How does one quantify an amount of information? Is it the amount of encoding it requires, per the theory of Shannon? Or is it, say, the amount of energy one’s graymatter consumes processing that information? It’s no complex dilemma, the physical can be quantified, and the rest is largely target dependent (let me put to rest any speculation - I am no fan of mind-matter duality (In the sense that I believe that one day we might be able to fundamentally weigh a lot of the quantities that are now considered ‘not-measurable’)). But in the context of our discussion, which is about the quantity of information relating to the value it has to us, the need for any fundamental unit of measure is absent, because we are concerned with the generality of its value and not in the specifics like how important might the knowledge of tomorrow's SENSEX high be to you and me. This same question, or some primitive version of it has been the body of one too many unfinished essays of mine, like wanting to see if the Chomskian idea of memes could generalise and be a fundamental unit of all the information around us, or the piece about being fed-up with my own mindless social media consumption (To be honest I try to finish this one again and again every 2-3 months).

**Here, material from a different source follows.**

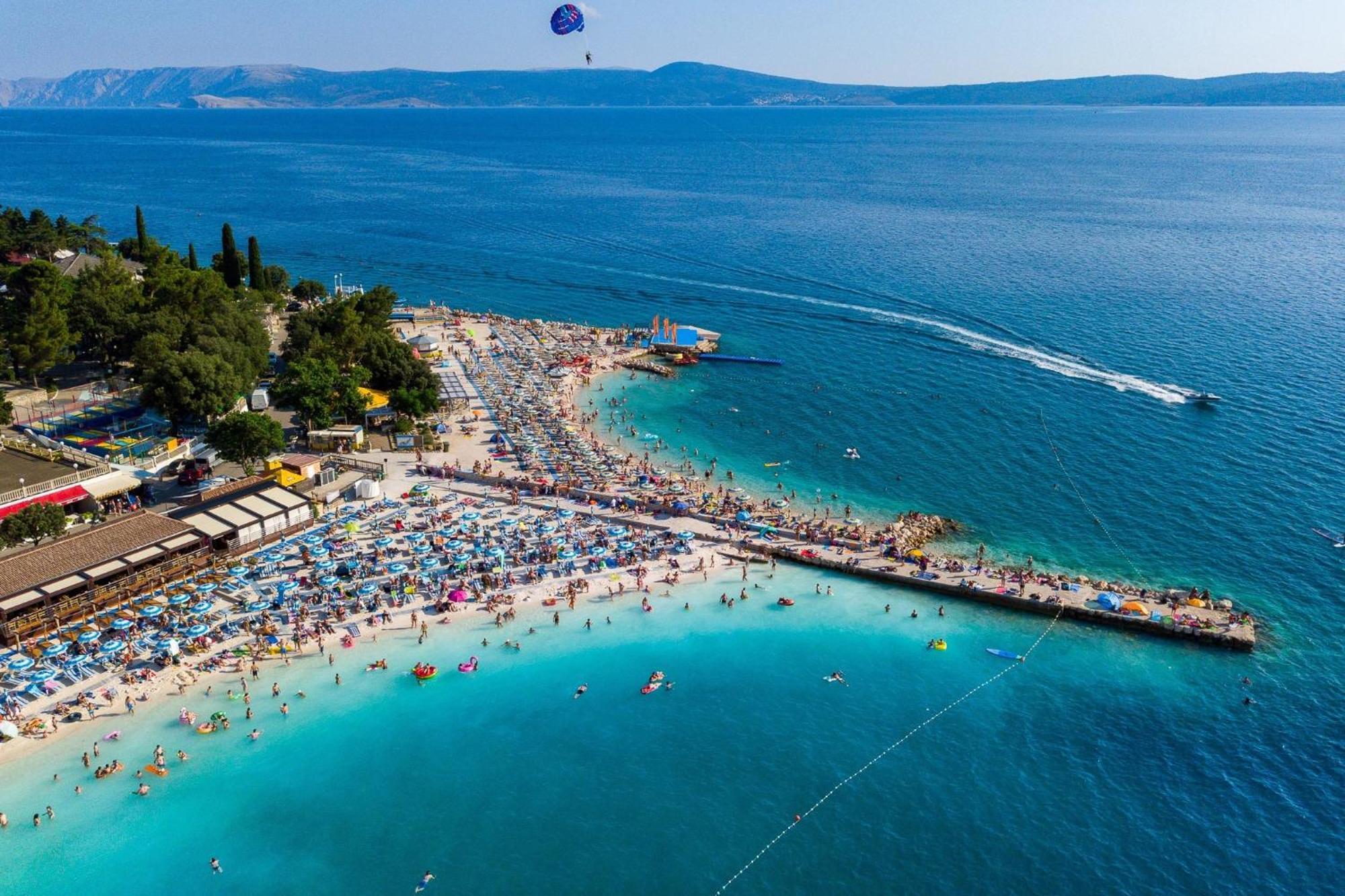 Apartments By The Sea Selce, Crikvenica - 16375 Extérieur photo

There couldn’t be a better case study for this than the internet. In 2021, there are even fashionable words to clearly mark what could be an important differentiator between the valuable and the invaluable: The ‘Long form’ and the ‘Short form’. I think one can readily see how this difference is important, let’s say we are presented with two new and totally unrelated pieces of information, one in the form of a 10 second video and the other an editorial piece. Now, it is only natural that after processing them, we readily form opinions on both the subjects. But the holes in reasoning in the first case are not filled in by smaller truths that derive from reasoning, but from axioms that backtrack from this newly gained knowledge, assuming at every stage that the new knowledge is true (or false, if you never liked what was in that 10 second clip to begin with). The harm from this could largely be consciously minimised by the average person, if he/she refuses to take a position before examining the subject further and till atleast a few of the supporting arguments for the matter could be drawn directly from his/her first principles. While we are on the topic of the internet, one particularly vexing aspect of modern internet usage that we should discuss is non-linear recommendation systems. On second thought, I’ll not even delve into this, non-linear recommendation systems are straight up malicious. It’s mindless consumption.
One could also say that no information really is worthless, because value is only evident in comparison. So how much noise is really needed? Or is it needed at all? Could we, by only consuming ‘valuable’ information, continually raise our standard of what is ‘valuable’. Honestly, I do not know. But again, would anyone consciously resign themselves to this randomness and consume what it throws at them?